Microsoft promises to keep app stores open to ease consolidation issues
Microsoft today committed to a series of Open App Store principles intended in part to allay concerns about the company’s growing role and allay regulatory concerns about Activision Blizzard’s impending acquisition.
The company said the policies – detailed below – apply to the Microsoft Store on Windows and “the next-gen marketplaces we’ll be creating for games”.
A selection of policies are also going to be applied to the Xbox ecosystem and the storefront, although Microsoft has made a distinction between platforms that “have become essential to our daily work and personal lives” such as smartphones and computers and platforms dependent on a closed ecosystem to make a profit as hardware is sold at a loss, similar to consoles.
Along with the principles, Microsoft has pledged to make Call of Duty and other titles from the publisher available on PlayStation even beyond their existing agreements. He further expressed a desire to “take similar steps to support Nintendo’s successful platform.”
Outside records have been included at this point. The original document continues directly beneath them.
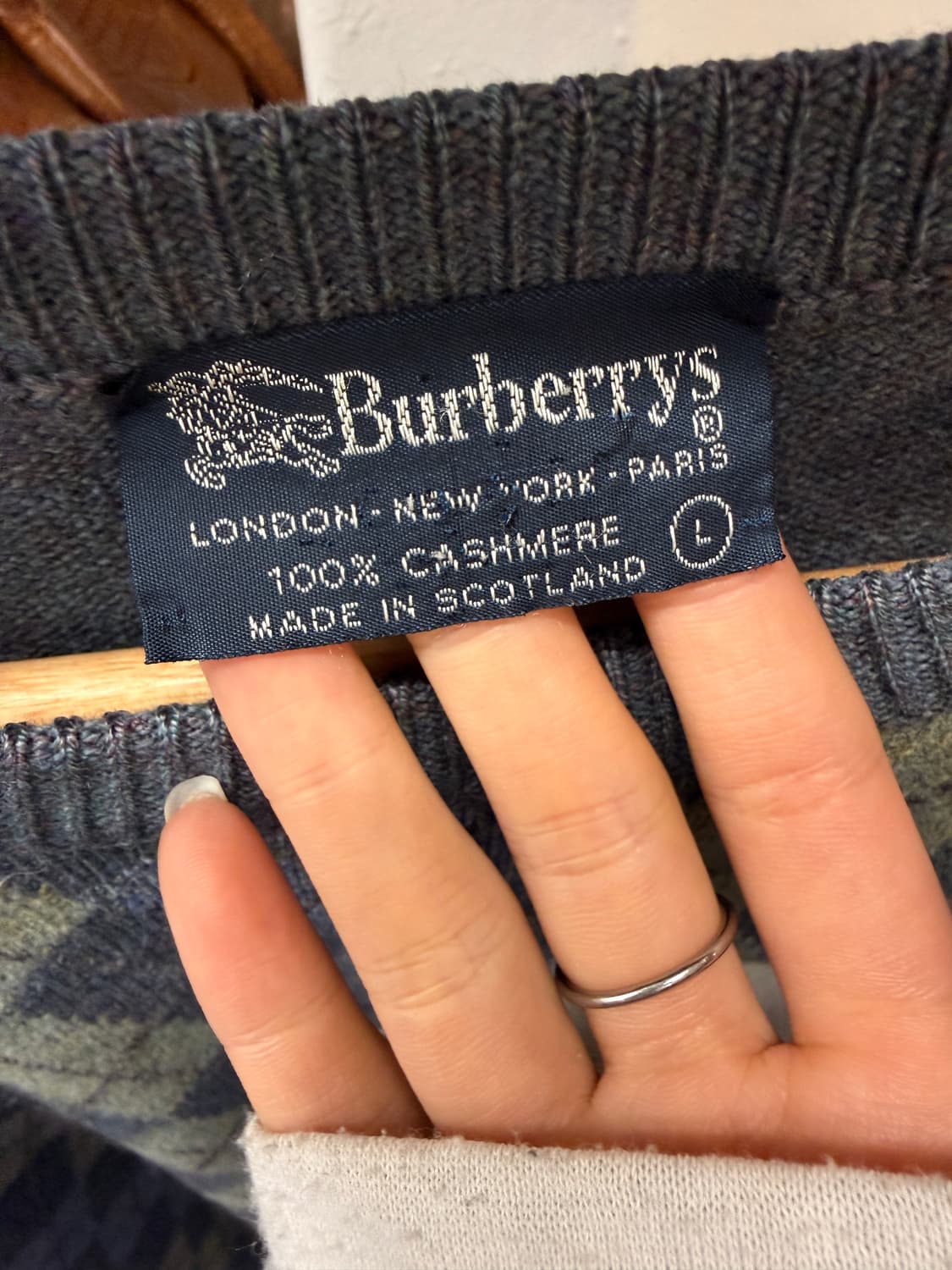 Burberry 버버리 캐시미어 아가일 니트 상품이미지5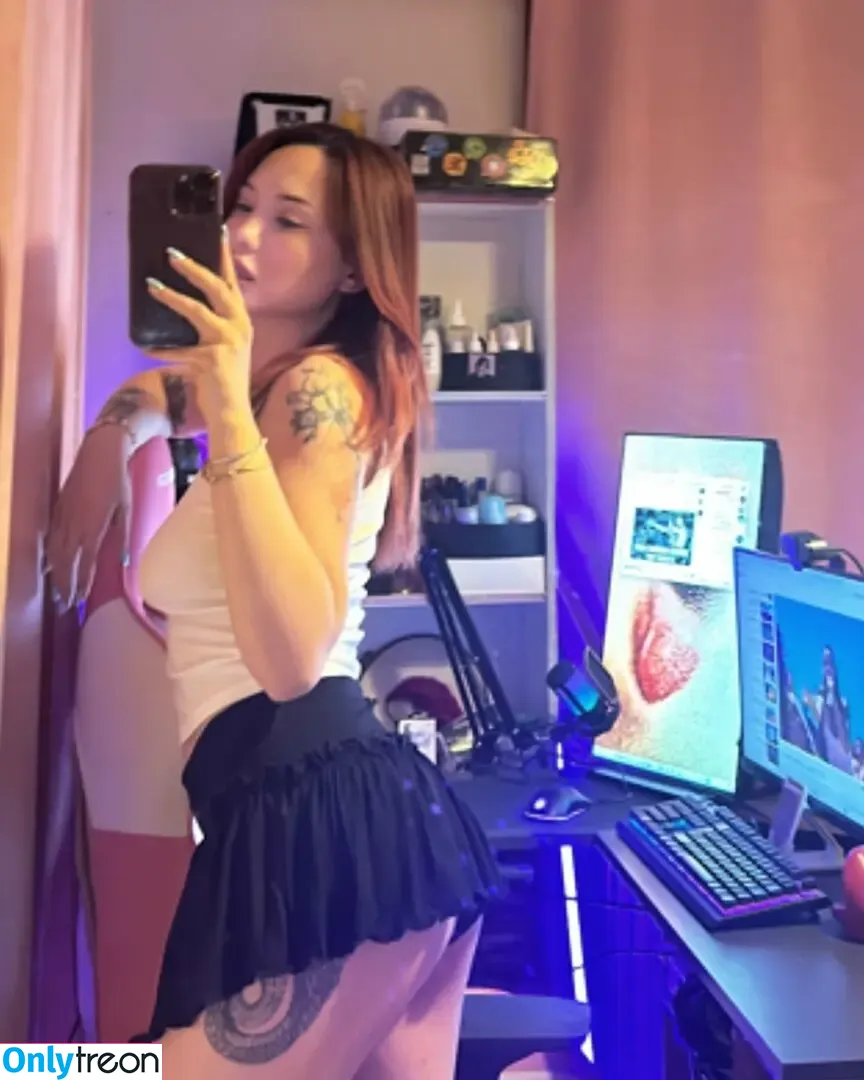 ozbassak nude photo #0026 (ambertan)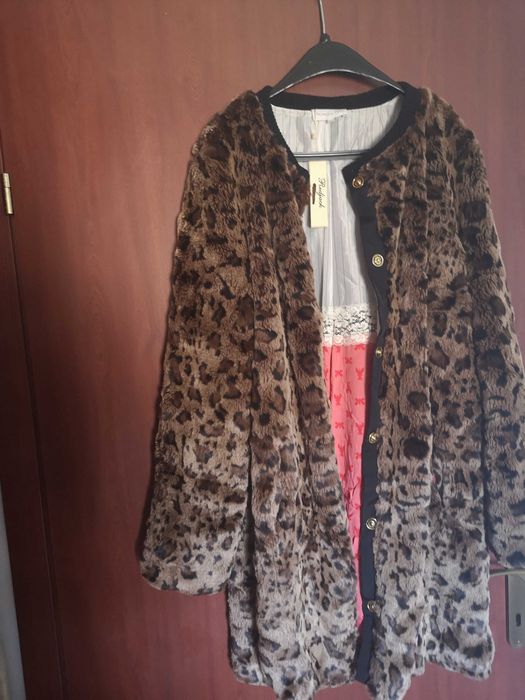Vând haina eleganta imitație leopard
“Ultimately, we believe this principles-based approach will foster a more open app market and better serve our users and creators,” Microsoft President and Vice President Brad Smith said in announcing the principles. . “And, in turn, they will help us build a bigger and better games business.
“We know we’ll probably have to keep adapting these kinds of principles as we move forward. We’re dedicated to the constant change that a demanding world not only demands but deserves. In our view, this is all part of the future. And we accept it.”
The full list of principles follows below. The first seven will be implemented on Xbox consoles as well as the Microsoft Store for PC.
Quality, safety, security and confidentiality
1. We will allow all developers access to our app store as long as they follow reasonable and transparent standards of quality and security.
2. We will continue to protect consumers and gamers who use our app store, ensuring developers meet our security standards.
3. We will continue to respect consumer privacy in our app stores, giving them controls to manage their data and how it is used.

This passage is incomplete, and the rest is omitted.